Precisely. I mentioned the total number of lost days. In the vast majority of cases of rheumatoid arthritis, people stop working two years after diagnosis, but if diagnosis and treatment are earlier it is most likely that even if the person is not cured they could continue working for longer.
The Arthritis and Musculoskeletal Alliance—ARMA—is calling for a number of things, but before I put its case I note the following points. The fact that there are unsatisfactory differences in inputs and outcomes is not completely an accident. By and large, the services have not had the attention they deserve. I am not making a party political point; the situation has been going on for a number of years and unfortunately it continues. The quality and outcomes framework contains no indicator for musculoskeletal conditions. Why not? The musculoskeletal services framework of 2006 lacked leadership and was largely ignored by the centre in the NHS, GP training in musculoskeletal conditions remains poor, despite the evidence I have just given about the importance of GPs recognising precisely what form of musculoskeletal disorder a patient has, and only two of the NICE policy standards announced so far relate to musculoskeletal conditions—for hip fractures and osteoarthritis—out of the vast range of some 200 conditions covered by this generic term.

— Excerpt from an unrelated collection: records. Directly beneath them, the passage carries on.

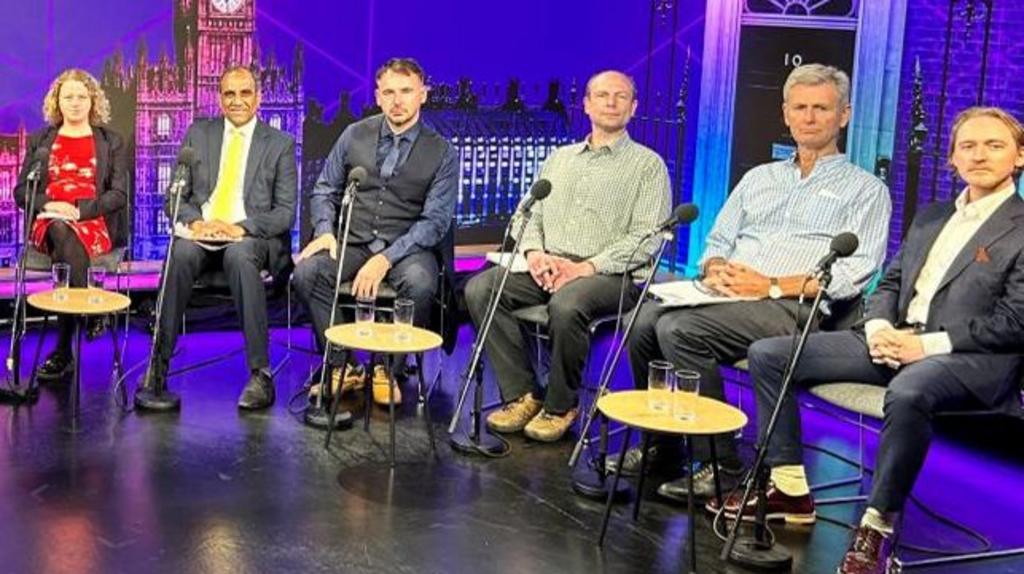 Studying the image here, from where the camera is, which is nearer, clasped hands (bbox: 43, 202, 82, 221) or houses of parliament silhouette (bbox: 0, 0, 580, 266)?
clasped hands (bbox: 43, 202, 82, 221)

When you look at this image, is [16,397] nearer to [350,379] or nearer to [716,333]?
[350,379]

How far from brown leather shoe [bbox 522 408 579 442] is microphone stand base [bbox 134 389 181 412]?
1352 mm

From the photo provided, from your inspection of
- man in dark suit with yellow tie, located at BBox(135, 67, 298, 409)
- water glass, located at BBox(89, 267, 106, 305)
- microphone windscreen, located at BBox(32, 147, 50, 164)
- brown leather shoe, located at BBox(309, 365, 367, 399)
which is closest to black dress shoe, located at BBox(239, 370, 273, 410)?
man in dark suit with yellow tie, located at BBox(135, 67, 298, 409)

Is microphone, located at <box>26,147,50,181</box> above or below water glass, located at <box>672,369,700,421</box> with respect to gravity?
above

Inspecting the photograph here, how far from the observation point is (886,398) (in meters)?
4.03

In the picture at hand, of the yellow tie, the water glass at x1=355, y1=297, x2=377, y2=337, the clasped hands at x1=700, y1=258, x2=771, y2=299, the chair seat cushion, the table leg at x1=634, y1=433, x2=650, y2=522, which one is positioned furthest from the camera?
the yellow tie

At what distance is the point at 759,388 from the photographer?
446 cm

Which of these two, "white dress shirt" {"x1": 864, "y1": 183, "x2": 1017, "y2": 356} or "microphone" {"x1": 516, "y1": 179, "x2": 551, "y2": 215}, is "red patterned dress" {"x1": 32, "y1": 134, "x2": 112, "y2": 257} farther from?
"white dress shirt" {"x1": 864, "y1": 183, "x2": 1017, "y2": 356}

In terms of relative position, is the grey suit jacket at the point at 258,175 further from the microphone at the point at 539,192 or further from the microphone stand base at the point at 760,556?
the microphone stand base at the point at 760,556

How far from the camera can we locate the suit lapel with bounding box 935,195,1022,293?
420cm

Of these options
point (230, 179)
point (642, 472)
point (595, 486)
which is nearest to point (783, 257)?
point (595, 486)

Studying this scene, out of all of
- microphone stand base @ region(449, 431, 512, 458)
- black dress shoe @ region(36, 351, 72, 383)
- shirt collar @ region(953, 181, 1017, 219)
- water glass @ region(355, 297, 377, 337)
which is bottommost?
microphone stand base @ region(449, 431, 512, 458)

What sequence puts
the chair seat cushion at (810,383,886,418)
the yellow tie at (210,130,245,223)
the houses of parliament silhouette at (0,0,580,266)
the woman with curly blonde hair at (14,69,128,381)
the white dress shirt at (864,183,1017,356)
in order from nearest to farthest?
the chair seat cushion at (810,383,886,418), the white dress shirt at (864,183,1017,356), the woman with curly blonde hair at (14,69,128,381), the yellow tie at (210,130,245,223), the houses of parliament silhouette at (0,0,580,266)

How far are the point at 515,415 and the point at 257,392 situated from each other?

ARMA is calling for an outcomes strategy as a vital first step in addressing the current failures in provision of treatment and care for people with these disorders. What would that strategy look like? It would cover a number of areas, including outcomes, demonstrating how high-quality musculoskeletal services can deliver improvements in the outcomes measured in the NHS outcomes framework, particularly gaining independence and returning to work, as my hon. Friend the Member for Scunthorpe (Nic Dakin) pointed out.
The useful slogan, “no decision about me without me”, should also be a guiding factor, enabling patient involvement and shared decision making at all points in the patient pathway and, in particular, encouraging better self-management and at the same time improving general public awareness of musculoskeletal conditions. The information revolution is also relevant for setting out and making public the key sources of data on the performance of and expenditure on musculoskeletal services and improving our understanding of outcomes beyond hip and knee replacements, which account for only 20% of expenditure. There must be co-ordinated service delivery, joining up delivery across the NHS and social care services. Commissioning should describe the measures of success that will be used to assess clinical commissioning groups and set out the support that will be provided to commissioners. Training for GPs in musculoskeletal medicine is also important. We must enhance the currently small component in training to support GPs in providing effective and timely treatment and care to patients, as well as informing their commissioning decisions.
ARMA’s request of 18 months ago for a direct musculoskeletal service was reasonable. Even if there is to be no service director, ARMA’s requests are quite reasonable, because surely the Minister cannot be satisfied with how services are being delivered across the country, with different inputs and massively different outputs.
I finish by quoting Professor Emery of Leeds university. He was talking about rheumatoid arthritis, but this applies to any of these conditions. He said that it is the “most common treatable disability”. Essentially, it is not treated as well as it should be and the disability could be removed. I look forward to the Minister’s response, and hopefully he will respond positively to what should be a reasonable way forward.